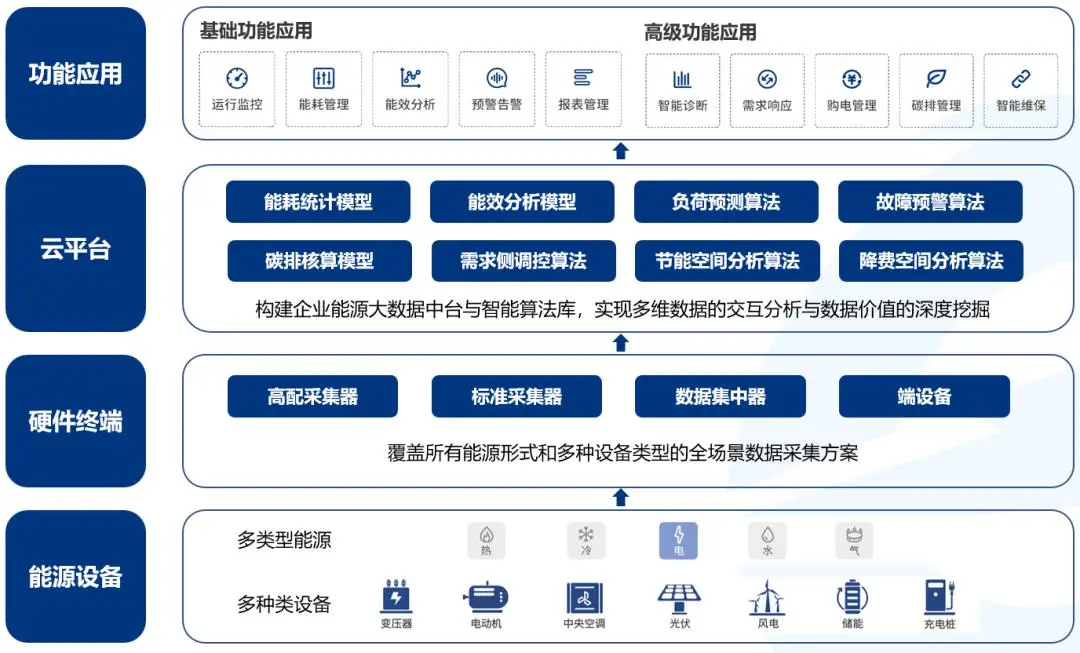 DDR4内存与Surface系列：超凡性能引爆数字时代  第5张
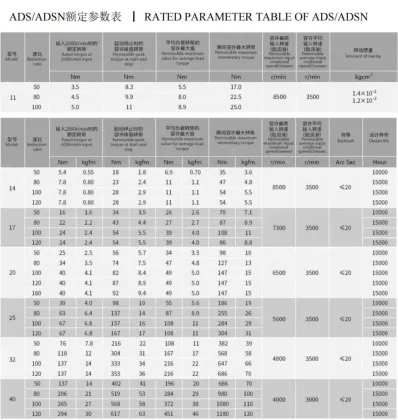 Factory-Direct Harmonic Drive Technologies: Robot Gear Drives and Small Strain Wave Gears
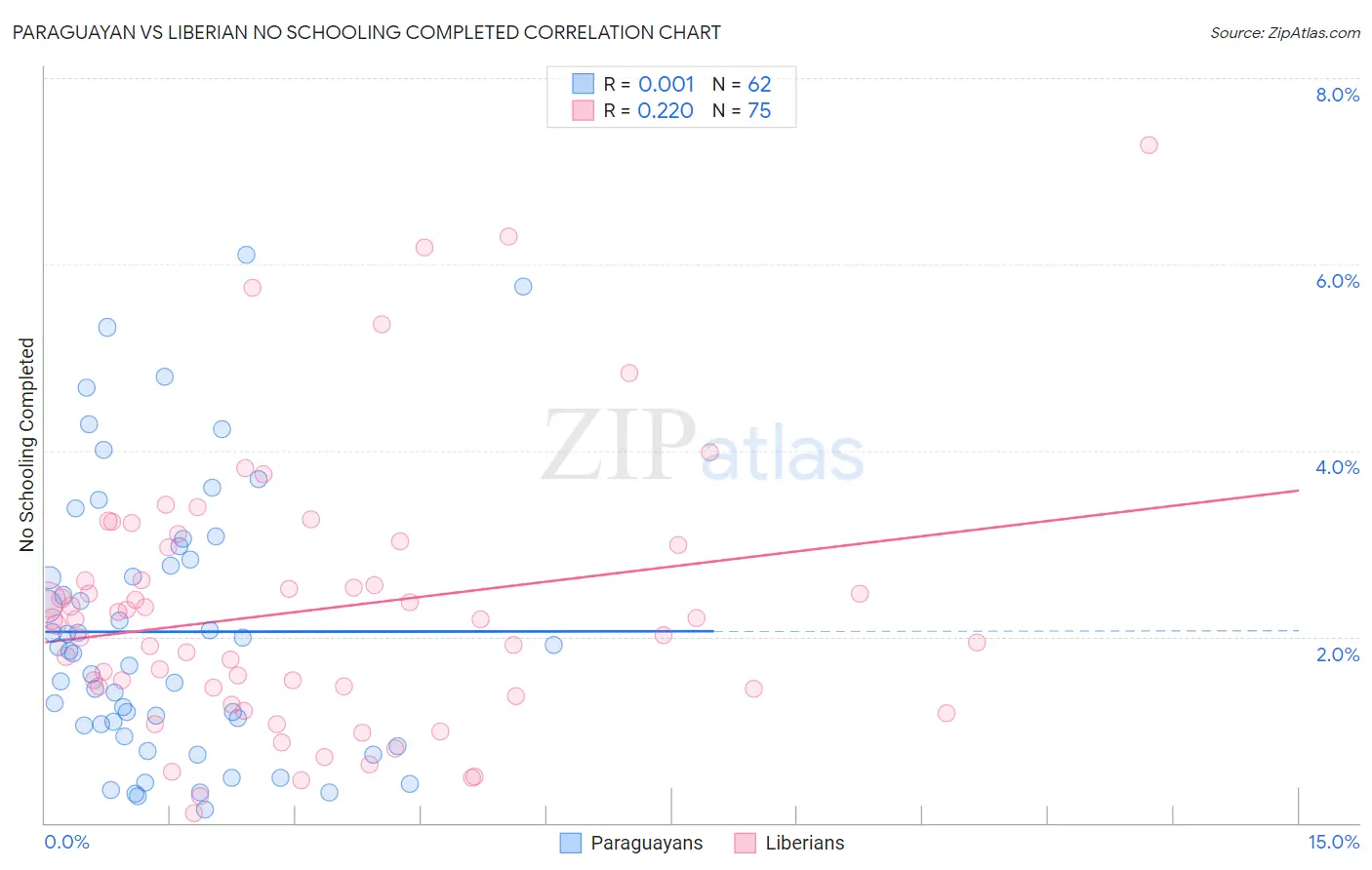Paraguayan vs Liberian No Schooling Completed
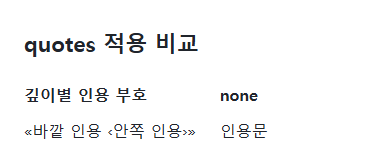 quotes의 지정값과 비교값을 같은 예제에서 보여 주는 브라우저 화면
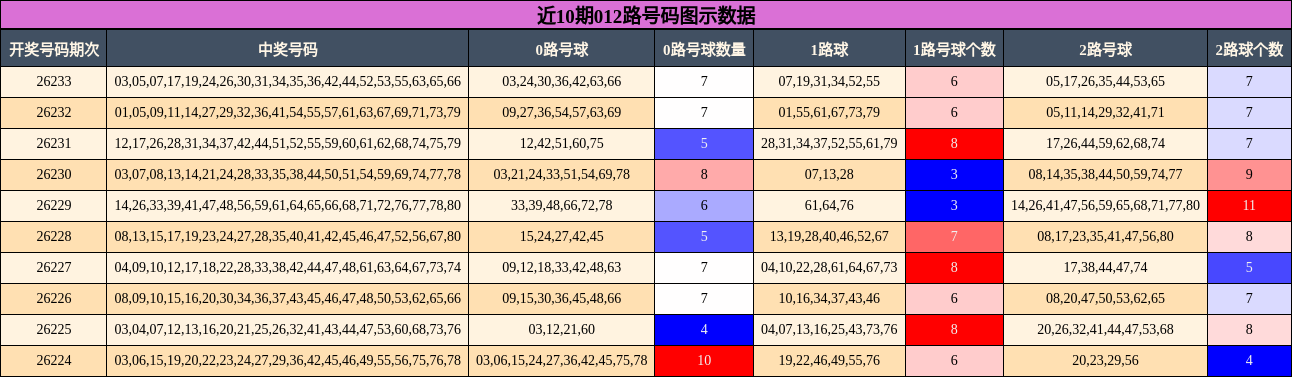 012路号码分析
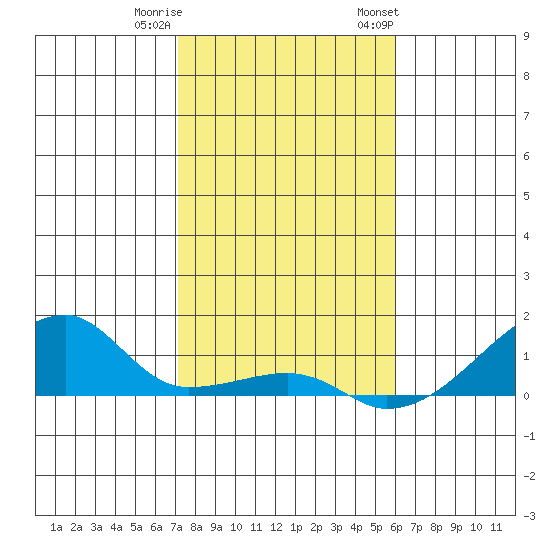 Haleiwa tide chart for Friday, December 31, 2021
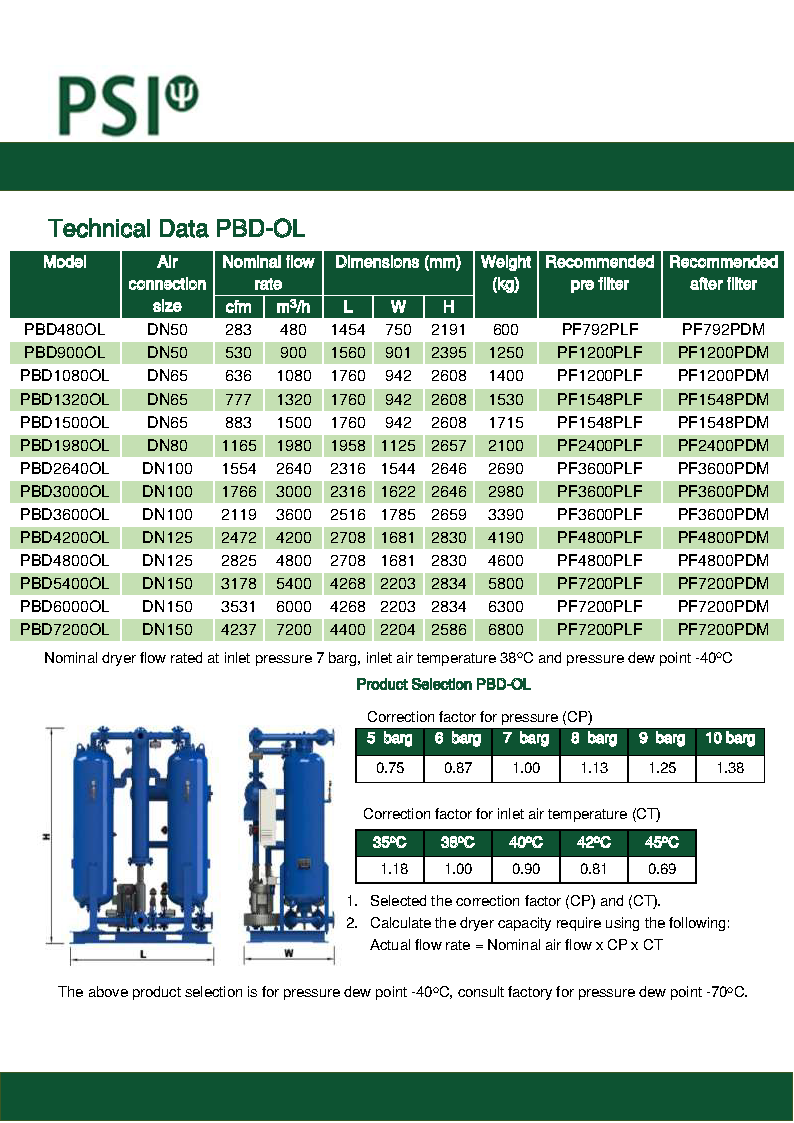 Máy sấy khí hoạt chất hút ẩm PSI 13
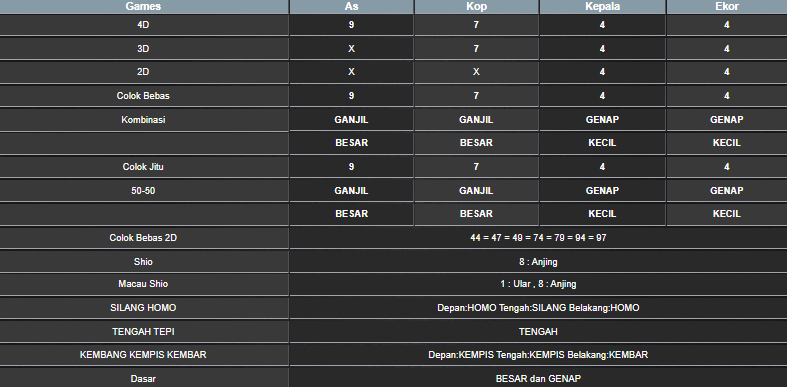 RESULT TAIWAN HARI INI RABU 11 JUNI 2025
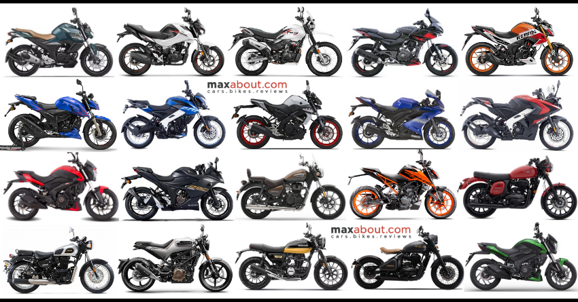 Best Bikes Under 2 Lakh in India 2021
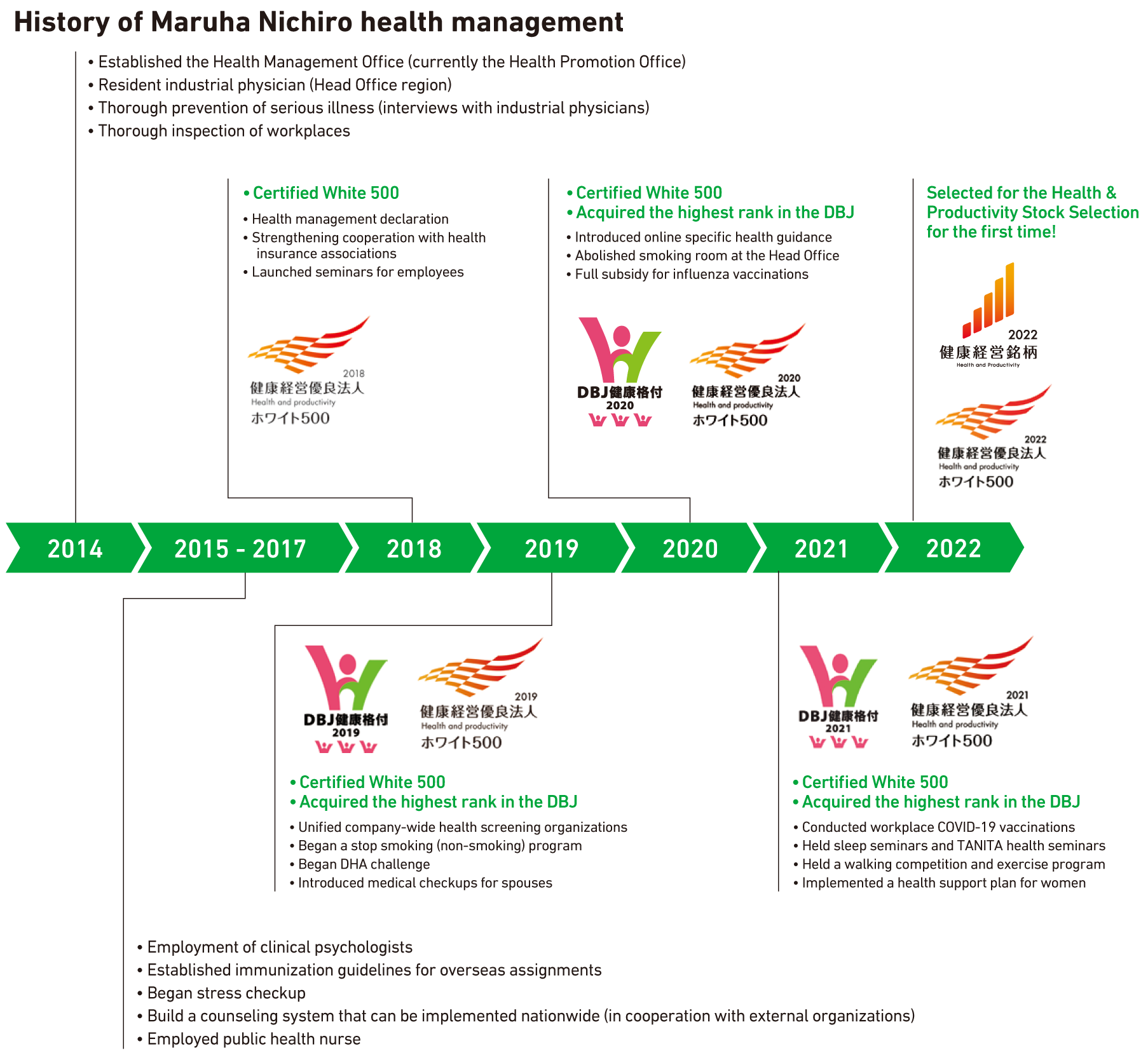 Health management framework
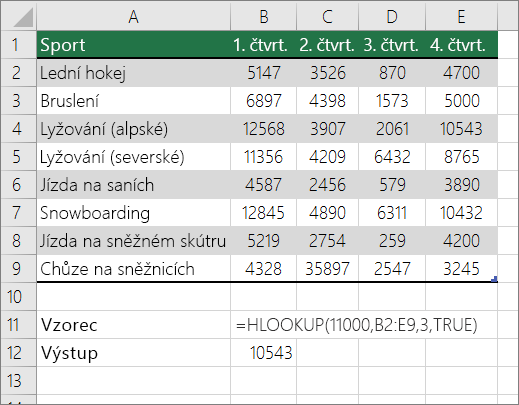 Příklad vzorce VVYHLEDAT vyhledávajícího přibližnou shodu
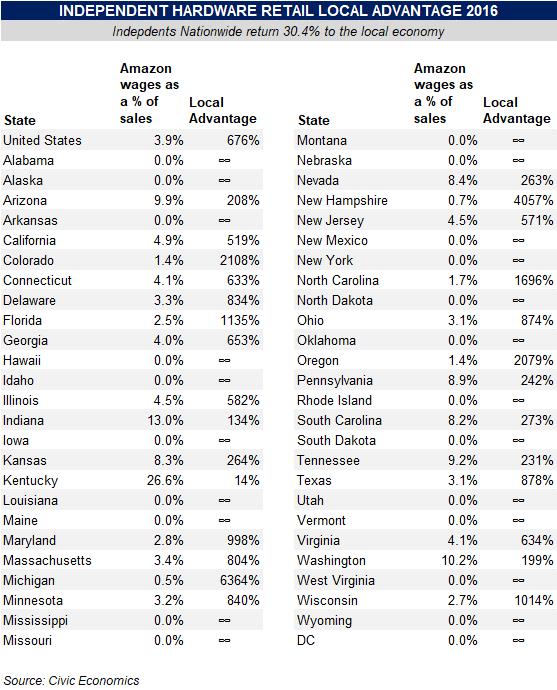 State by State Advantages The impact of Amazon varies from state to state based on the locations of its fulfillment facilities around the nation.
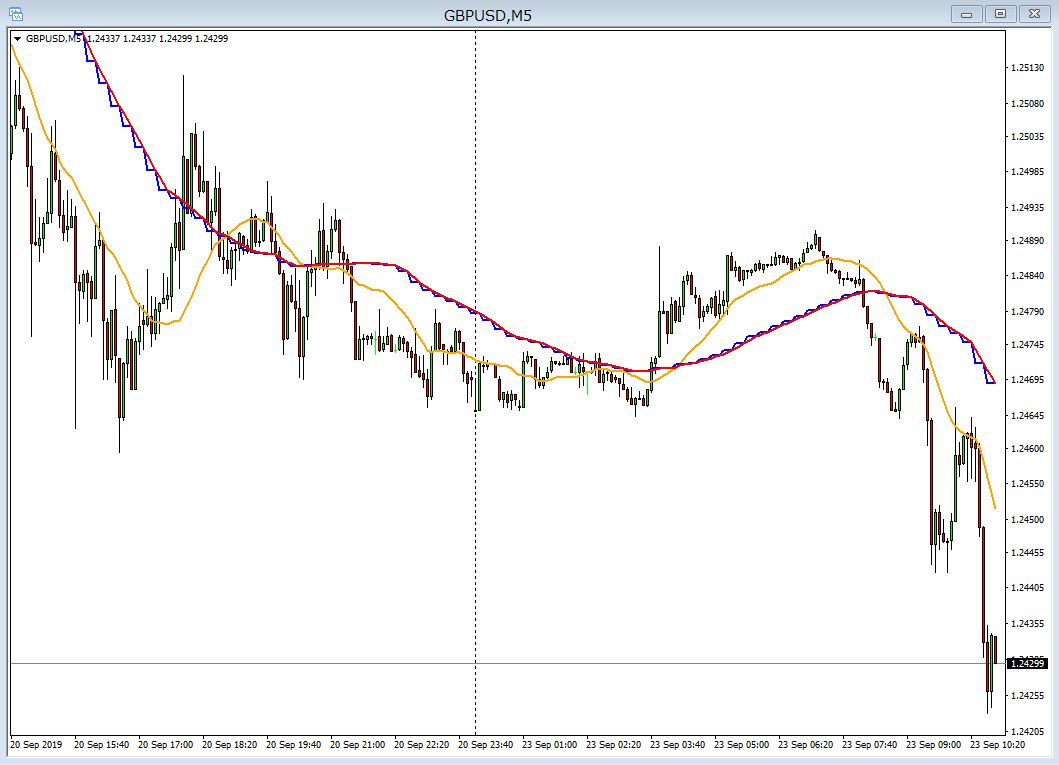長時間足移動平均線のギザギザをとった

What to produce: Up to and including the line containing "Příklad vzorce VVYHLEDAT", repeat every line from the start of the data, but none of the pictures.

Task answer:
 DDR4内存与Surface系列：超凡性能引爆数字时代  第5张
 Factory-Direct Harmonic Drive Technologies: Robot Gear Drives and Small Strain Wave Gears
Paraguayan vs Liberian No Schooling Completed
 quotes의 지정값과 비교값을 같은 예제에서 보여 주는 브라우저 화면
 012路号码分析
 Haleiwa tide chart for Friday, December 31, 2021
 Máy sấy khí hoạt chất hút ẩm PSI 13
 RESULT TAIWAN HARI INI RABU 11 JUNI 2025
 Best Bikes Under 2 Lakh in India 2021
 Health management framework
 Příklad vzorce VVYHLEDAT vyhledávajícího přibližnou shodu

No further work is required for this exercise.